À cela s’ajoute le fait qu’à l’époque du Mont-Liban, les exigences du pouvoir avaient un caractère essentiellement rural. Or, avec le Liban actuel, les impératifs d’une gouvernance moderne ont tellement évolué et les besoins impérieux du pays se sont complexifiés au point d’accentuer la rupture totale entre l’esprit des dirigeants, d’inspiration féodale, arc-boutés sur la sauvegarde de leurs propres intérêts et ceux de leurs confessions, et le bien-être des citoyens et leurs besoins. D’un côté, les gens du pouvoir n’ont pas lésiné à pratiquer, à grande échelle, le népotisme et les malversations des intérêts communs et, de l’autre, les citoyens ont été acculés à subir l’émigration et l’insatisfaction de leurs besoins les plus élémentaires. Il est évident que cela a, à travers le temps, alimenté une suite de conjonctures explosives conduisant à une destruction, systématique du pays et de son État. Ce glissement vers l’anéantissement de la société de droit a été dû à une classe politique véreuse qui a usé et abusé du gaspillage des biens communs, de la corruption, du détournement des biens publics en faveur dess biens particuliers, à l’instar de ce qui a été commandité pour le entre-ville de Beyrouth, de l’annihilation des services de l’État, de la destruction méthodique de l’environnement, de l’accaparation des richesses du pays par 1 % de la population, de la paupérisation des classes sociales, de l’incompétence notoire à gérer la vie publique, de la confiscation par une milice de la destinée du pays, etc. Tout cela est connu d’Emmanuel Macron qui a fréquenté de très près la classe politique libanaise et dont il a subi de plein fouet la pratique du mensonge et la conduite du double jeu. Malgré cela – et c’est là où le bât blesse –, il est contraint, à défaut de l’existence au Liban d’une force de relève, et d’une opposition notable et structurée, de traiter avec les gens du pouvoir en exercice.

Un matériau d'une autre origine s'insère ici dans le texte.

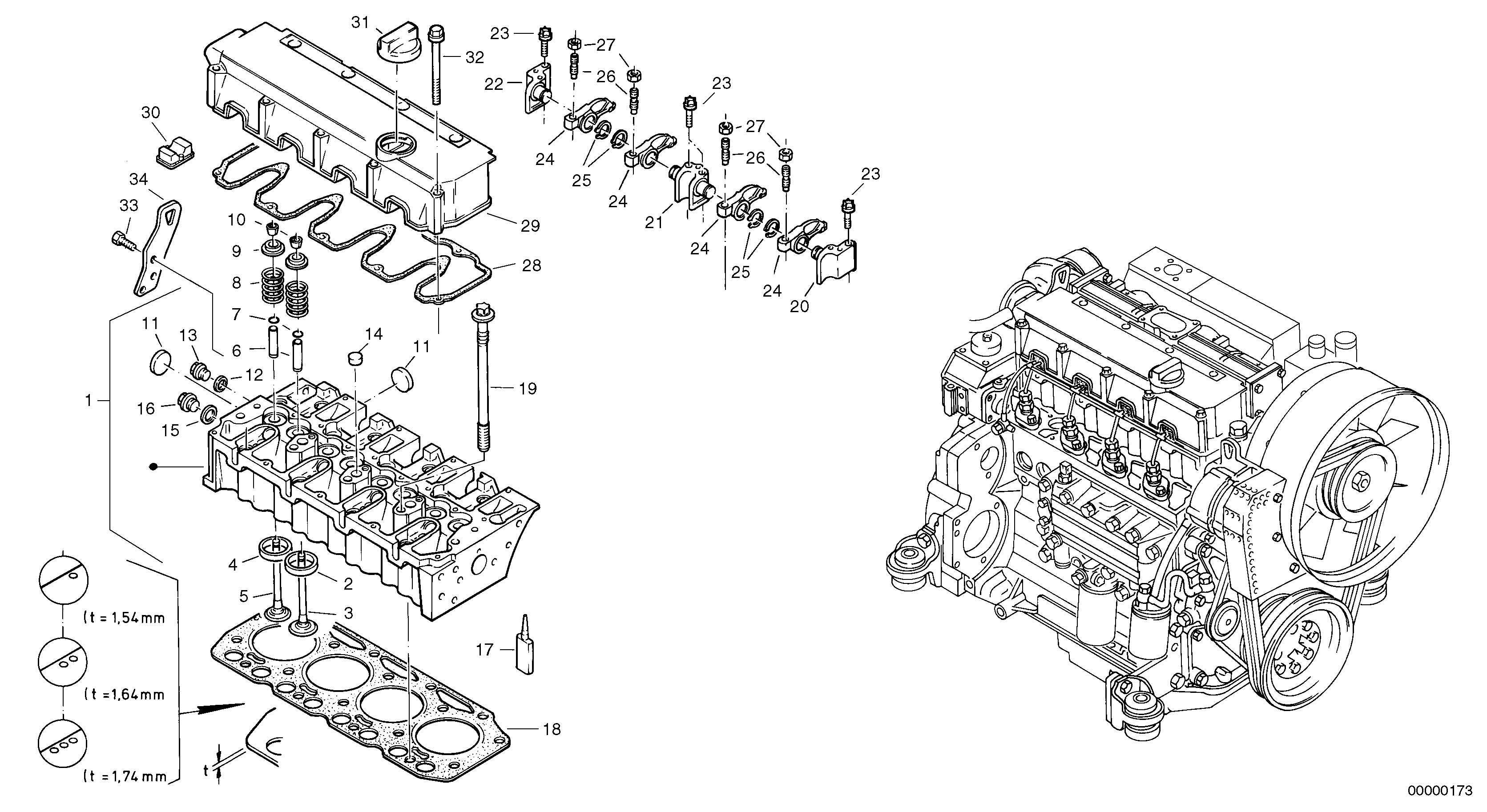 Центральный корпус VOE11700347 VOLVO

Il est loin le temps où la France était une puissance militaire majeure qui permettait à Napoléon III d’exiger et même d’imposer sa politique. Cela n’est plus offert à Macron qui est à la tête d’un pays qui a impérativement besoin d’un franc soutien des Européens et notamment des États-Unis pour proposer un plan de sortie de crise au Liban. Sa marge de manœuvre est extrêmement limitée dans la mesure où son processus, s’appuyant sur la raison et la logique, ne trouve pas d’échos, dans les faits, chez les dirigeants du pays, et plus particulièrement chez ceux qui prétendent défendre les intérêts des chrétiens.
Les dirigeants libanais n’ont jamais été aptes à raisonner par eux-mêmes pour poser le problème et lui trouver des solutions. Ils étaient habitués, du temps de la présence syrienne au Liban, à se soumettre à des décisions qui leur étaient imposées. En définitive, Emmanuel Macron doit subir l’épreuve d’un dialogue interminable avec les politiciens libanais pour leur faire entendre raison et les amener à accepter sa feuille de route, seul processus apte à sortir le Liban de l’abîme où il se trouve. Il est condamné à poursuivre ses efforts pour contraindre ceux qui bloquent la formation d’un nouveau gouvernement à renoncer à leur jeu macabre visant à arracher des privilèges personnels au moment où le pays joue son existence et les drames humains se succèdent interminablement. À Macron revient la tâche d’aider le Liban à se réformer afin de le sauvegarder pour les générations futures.